RAW DATA —
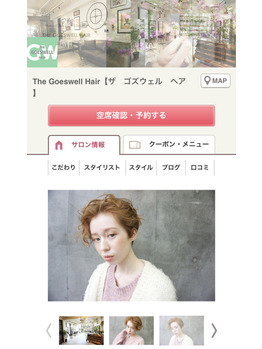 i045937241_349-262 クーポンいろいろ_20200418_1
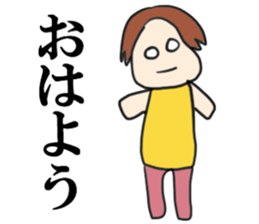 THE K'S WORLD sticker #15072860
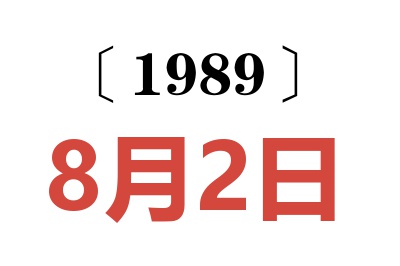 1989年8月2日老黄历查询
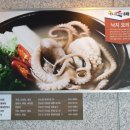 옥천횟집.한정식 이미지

WORK REQUEST — Leaving out all pictures, transcribe the listing exactly.

TASK ANSWER —
 i045937241_349-262 クーポンいろいろ_20200418_1
 THE K'S WORLD sticker #15072860
 1989年8月2日老黄历查询
 옥천횟집.한정식 이미지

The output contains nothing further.